Internet remote access to MediaHub without using https://ciscomediahub.com/

For those of you who don't want to pay Linksys $9.95/year (after first free year) for remote access to their Media Hub Server, I've figured out a way to get Internet remote access to MediaHub without using https://ciscomediahub.com/ service.

Essentially, you can remotely connect to your MediaHub using the Https interface (of your web browser). Here are the basic steps:

1. Configure the MediaHub so that it has a STATIC (Local) IP Address (e.g., 192.168.1.101). You can do this two ways: (1) by using the MediaHub system configuration utility to configure your MediaHub with a static IP address (see below); or (2) by configuring your gateway router (i.e. the one which provides DNS service to your local devices) to assign a STATIC (Local) IP Address (e.g., 192.168.1.101) to the MediaHub. I'd suggest the second approach. Typically, your gateway router is the one which connects your home network to the internet, and provides DNS service for assigning local network IP addresses to your local network devices. NOTE: For the Media Hub with LCD (model number: NMH405), look up its IP address through the LCD menu. Refer to Status, page 28. For the Media Hub (NMH300 Series), look up its IP address through the router’s webbased utility. Refer to the router’s documentation for more information.

 

2. Configure your gateway router to pass traffic (e.g., via port forwarding) to the MEDIAHUB device. To do this, create a rule in your gateway router to forward TCP port 443 and UDP port 443 to the STATIC (Local) IP Address of the MEDIAHUB (e.g., 192.168.1.101).

 

3. You would also need to know the WAN IP address of your gateway router (which is connected to your home DSL or Cable Modem). Depending on your service provider, this may either be a STATIC WAN IP Address, or a DYNAMIC WAN IP Address. . Every home will have an IP address assigned by your ISP. You can find out what this IP is by visiting http://whatsmyip.org/. Write this IP address down as you’ll need this later.

 

As an example, we'll assume a WAN IP Address: 260.118.28.202.  Once these steps have been done, you can remotely connect to your MediaHub by typing the following in your web browser:

Https://260.118.28.202

 

If you do not have a static WAN IP address assigned to you by your ISP, you can get remote access to your MediaHub by signing up and using one of the many free Dynamic DNS services (e.g., www.dyndns.com) to track your current WAN IP Address of your home.

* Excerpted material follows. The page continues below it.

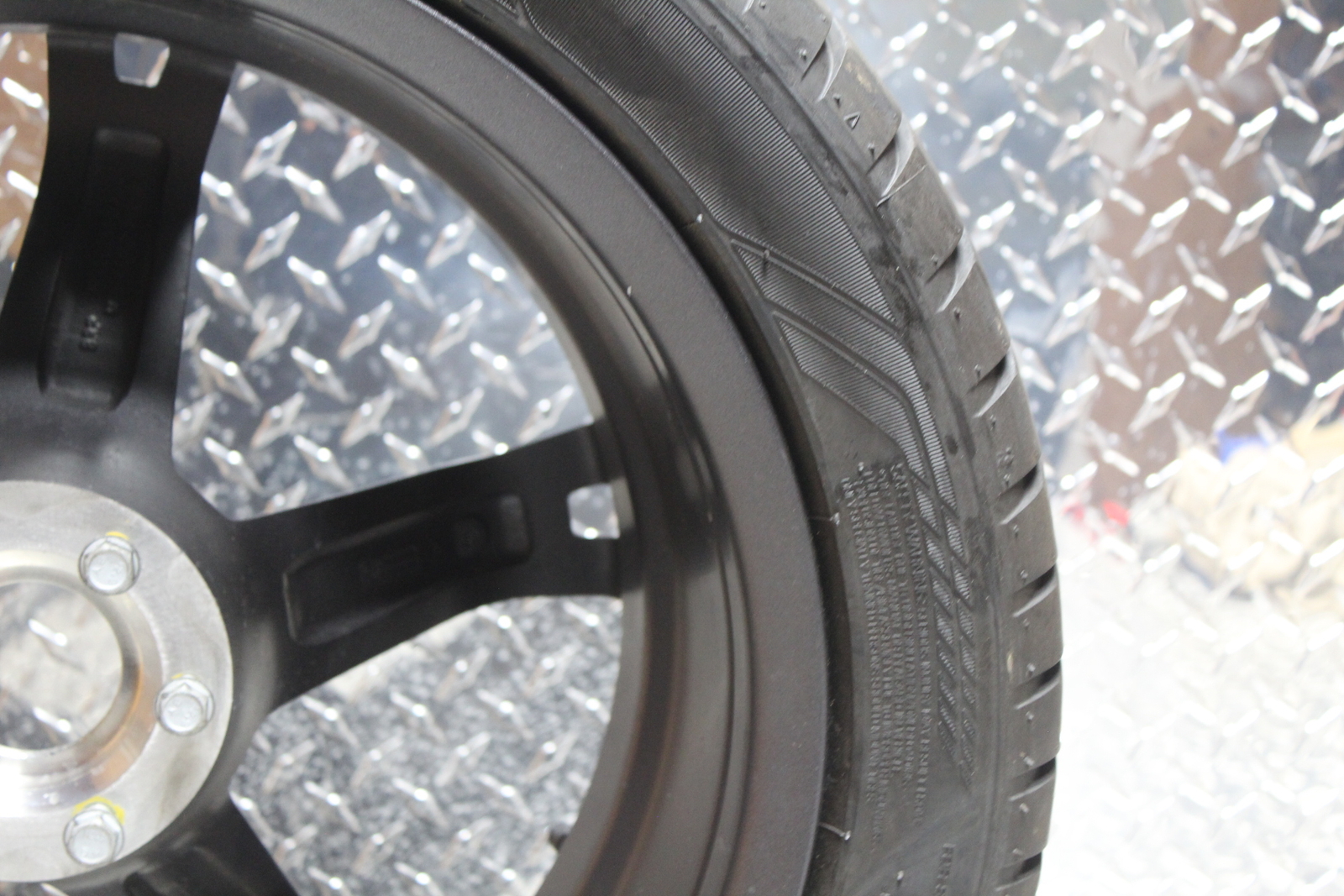 19-22 can-am ryker 900 OEM REAR BACK WHEEL RIM HUB 705503342 16 【新品未使用】ハイエース ダークプライム2用 Aピラーガーニッシュ 左右セット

You’ll need to set up a Dynamic DNS hostname that will be updated to reflect your changing IP address. Most newer routers have this option where you can setup a free or paid DDNS account with one of the DDNS providers. The router does the job of “pinging” the DDNS server so that any changes in the IP address will be reflected in the DNS table.

 

Detailed Steps

 

Configuring your router to pass traffic to the MEDIAHUB.

You will need to configure your router to forward traffic from the internet to your MEDIAHUB. This process is called port forwarding. When you attempt to connect from the internet, it will look like you are attempting to connect to your router. For the specific services that will be accessing on your MEDIAHUB, we will configure a rule that tells your router to send that information to the MEDIAHUB.

Create a rule in your gateway router to forward TCP port 443 and UDP port 443 to the STATIC (Local) IP Address of the MEDIAHUB (e.g., 192.168.1.101).

 

Here are some great resources online for this step. The following link will have some information about forwarding ports to the MEDIAHUB. This link will get you directly to the location to pick the router that you have.

 

http://www.portforward.com/english/routers/port_forwarding/routerindex.htm

 

You will now need to select the router that you have by the model number. The model number of your router should be listed on a label that is on the bottom of your router. After you select your router, you will be presented with a very long list of applications. You should be able to use the instructions for port forwarding.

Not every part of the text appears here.